Through my work as the staff architect for the Oklahoma Main Street Program, I have come to find resonance inside the bowels of the past. Often far from revitalized, our historic downtowns broadcast a town’s self-concept - just like a neon sign.
But neglected downtown property is not the only whale-sized issue weakening our communities. More expansive development has cut open our bellies, forcing us to devote too much energy to expanding infrastructure. Culture has given up boutiques for big boxes. Fast food service and home building have way too much in common! Nothing seems to be built to last anymore. Even worse, America's sprawling development patterns have given us all more isolated lives, and the Internet of things (IoT) has compounded the disconnection of our souls.
Note: This is first post in a group series called #ArchiTalks. This month’s topic is “Ugly”.
Due to these unsustainable development practices, many feel the American dream fading. These problems should be faced both individually and collectively, and winning the battle can only come through a radical change of heart.
So, let’s butcher this beast of a problem and look inside. Seven ugly sins brought us into this vortex, and now we must escape. If we do not become more sustainable-minded, the currents of popular culture will take the helm; we will crash on the beach and die an ugly death.
Ugly Sins & Sustainable Virtues
There are 7 deadly sins, and 7 heavenly virtues known in the Church, so let's twist this axiom to expose how there are both ugly sins and sustainable virtues in every community. It is up to us all to be the change we want to see, and advocate for sustainable develpment practices in our homes, neighborhoods, and downtowns.
We need to temper our desire. Glossy architecture is a little like pornography. They are both hyper-real to our senses. We receive a chemical payback for simply wanting things and consuming images with our eyes. Shame, shame!
Why not lead others toward a more collective satisfaction? Remodeling an almost-perfect home, instead of wanting a whole new one.

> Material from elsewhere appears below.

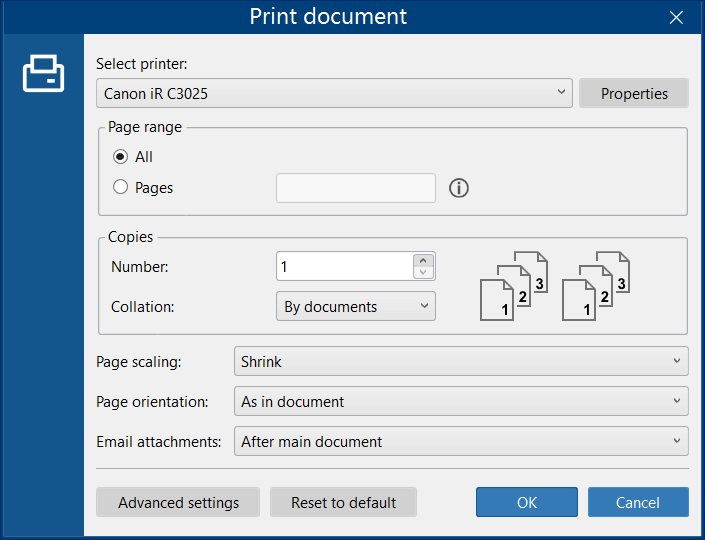 "Print document" action parameters in FolderMill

Adding a small playground for a handful of neighbors with small children, and allowing neighborly relationships to flourish.
Being satisfied and purity of heart are the paradigm shifts we can all use. We don't need the gloss when daily reality becomes an exciting adventure!
All-You-Can-Eat is no substitution for a fresh bowl of greens and a nice cut of meat. Similarly, seeking mixed-uses that offer both quality and variety will yield a much better solution in long-term community planning efforts.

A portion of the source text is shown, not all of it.